KoalaRainbow :: Koala Rainbow Query Language (KRQL)
Introduction
Overview
The Koala Rainbow Query Language (KRQL) is the means by which you tell
KoalaRainbow what data you want to visualize. It is also the
means by which you perform any processing of that data.
KRQL is intended to be 'functional', which means that a given query
should not have side-effects. This relies on functions not having
side-effects (currently true), and that you as the user don't use the
naive edge traversal to call no-arg mutating functions on MT objects.
KRQL is inspired by XPATH just enough to confuse you, but not so much
as to be useful. This is less that I am a jerk and more that we
are not dealing with a hierarchically structured dataset.
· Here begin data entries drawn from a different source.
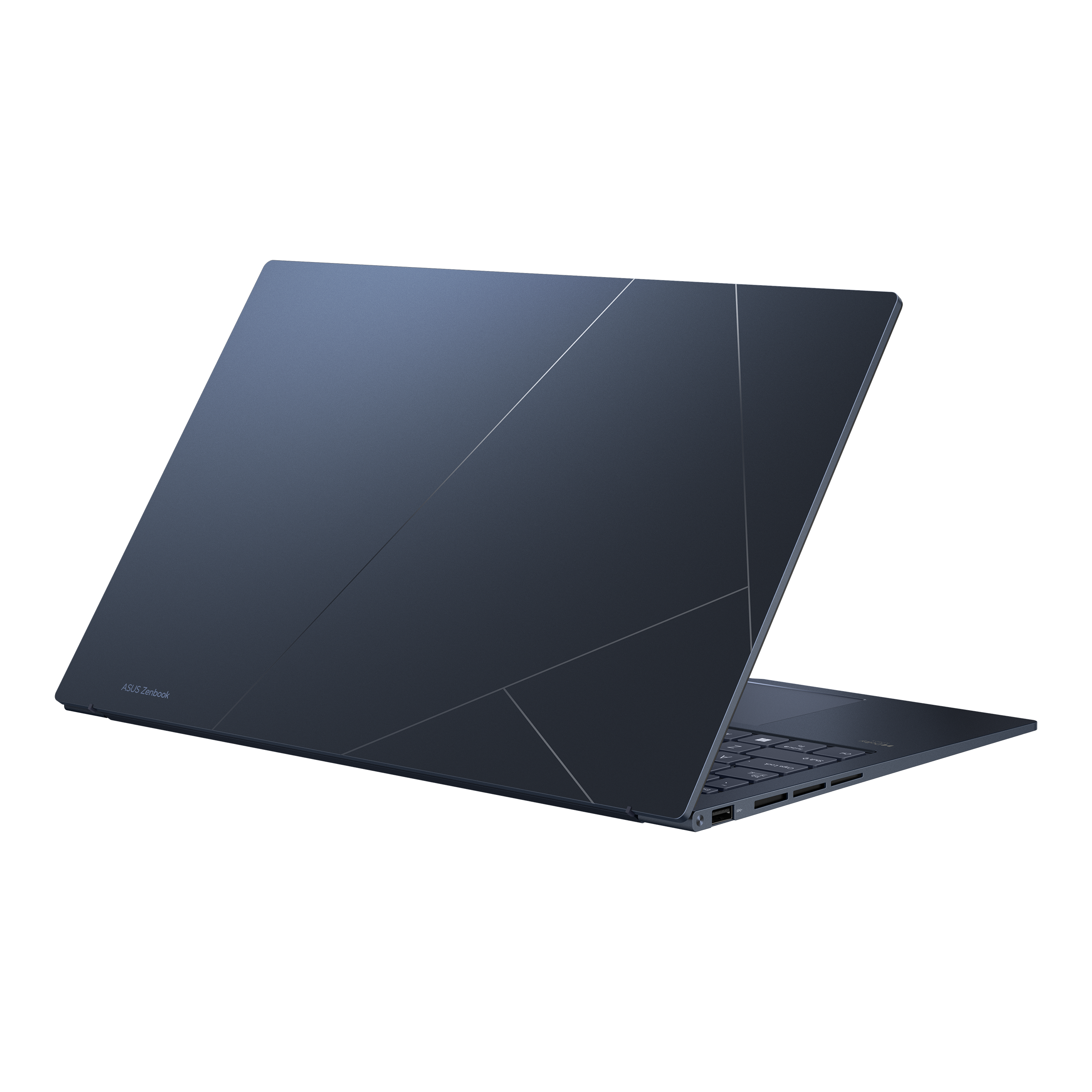 Asus Zenbook 15 OLED UM3504DA-OLED-MA731X R7-7735U/16GB/1ΤB Laptop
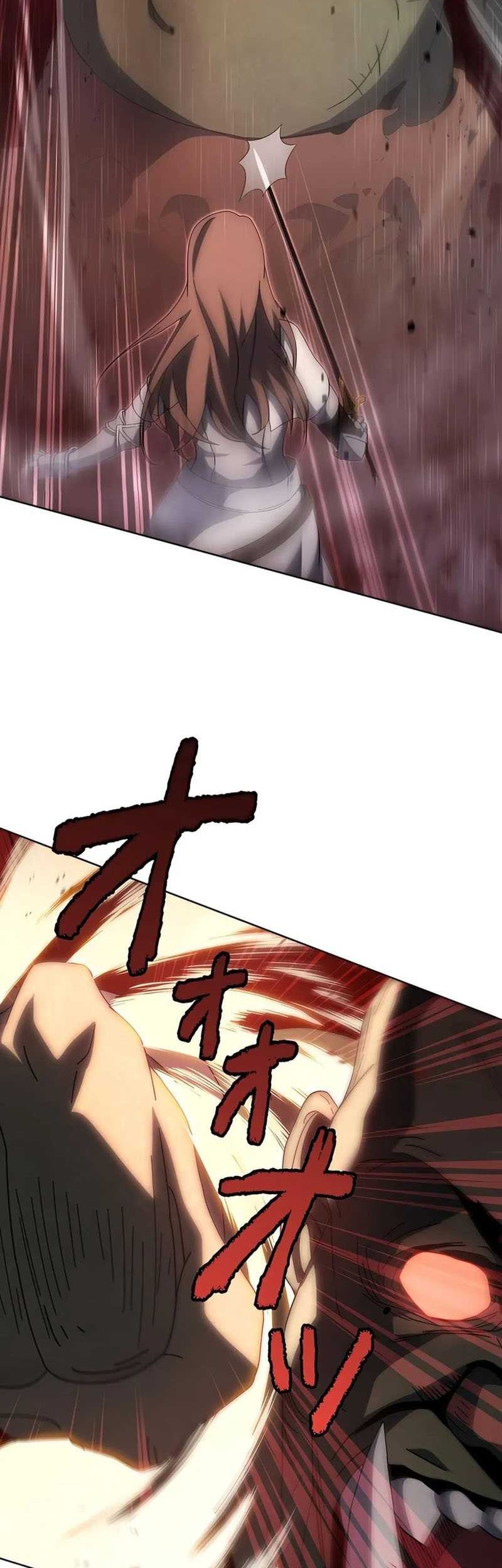 The Survival of the Savior Chapter 06 Gambar 45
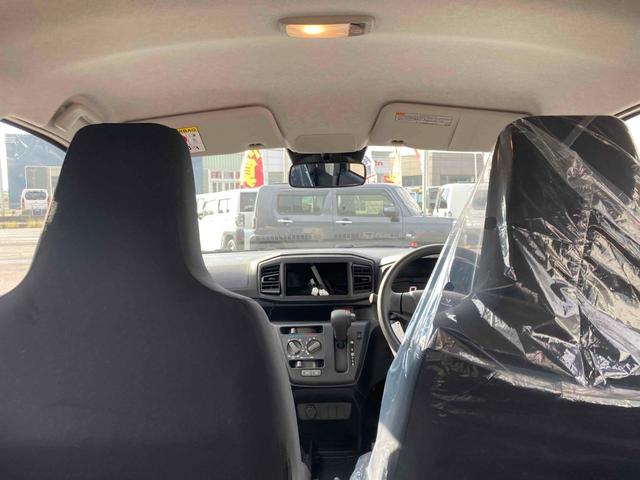 ミライース Ｌ　ＳＡＩＩＩ　クリアランスソナー　衝突被害軽減システム　オートマチックハイビーム　オートライト　キーレスエントリー　アイドリングストップ　ＣＶＴ　ＡＢＳ　ＥＳＣ　エアコン　パワーステアリング　パワーウィンドウ（41枚目）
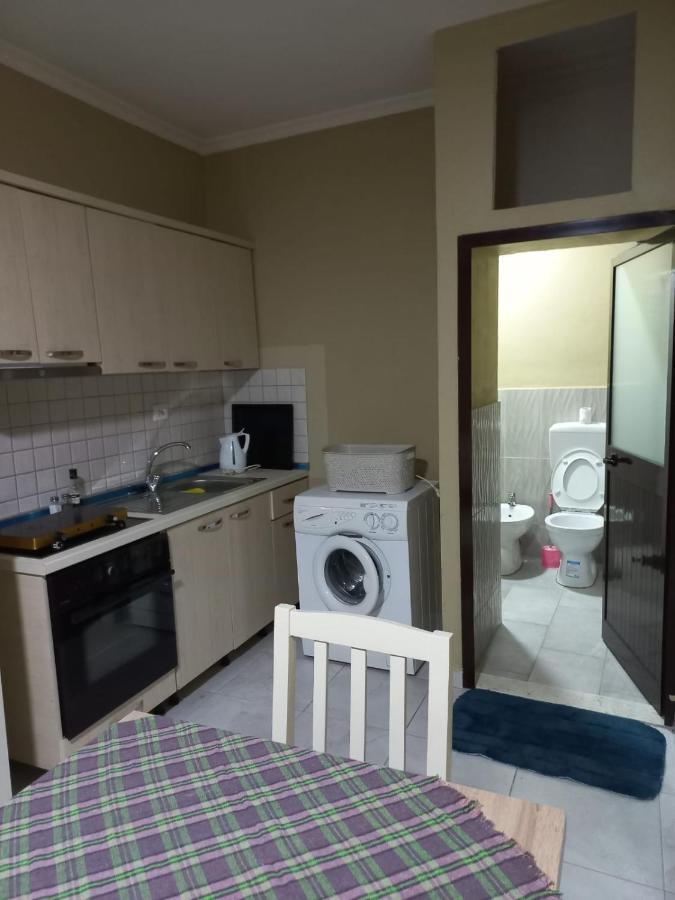 Klev'S Apartments Σκόδρα Εξωτερικό φωτογραφία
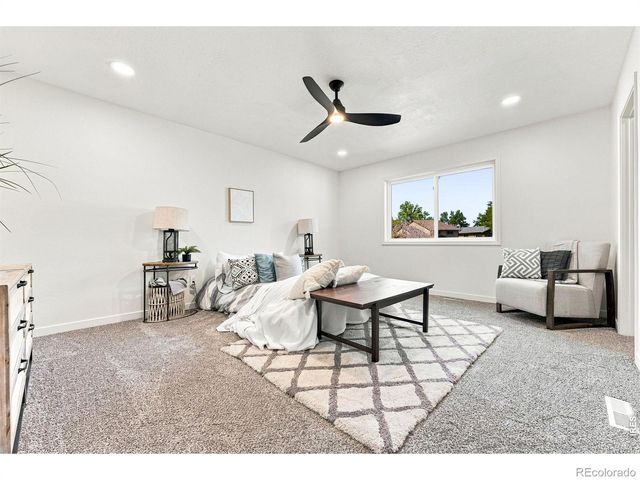 2927 Glendevey Drive, Loveland, CO 80538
Although the MovableType database could be serialized into a variety of
nice XML hierarchies, it's not. At least in my configuration,
it's backed by a relational database, and it would be silly to throw
away the benefits imbued by such a storage format and the helpful MT
object representations.
Quick Examples With Explanation
To get the grokkage flowing...
/entries
Returns the set of all entries in the system (across all blogs), both
draft and published.
/entries[status = 2]
Returns the set of all published entries in the system.
/authors[name = 'sombrero']
Returns the set of all authors with the name 'sombrero'. Note
that the 'authors' set in MovableType includes both authors registered
with the blog and typekey users that have commented. Since I am
an author on my blog, and I also have a sombrero typekey identity that
I have posted with, this results in a set containing two nodes.
/authors[type = 1 and name = 'sombrero']
Returns the set of all authors with the name 'sombrero', that are type
1 (which means a registered author with the blog, as opposed to a
typekey identity). In my case, this turns out to be a set
with a single author object (the blog poster one).
/entries[author[type = 1]/name = 'sombrero']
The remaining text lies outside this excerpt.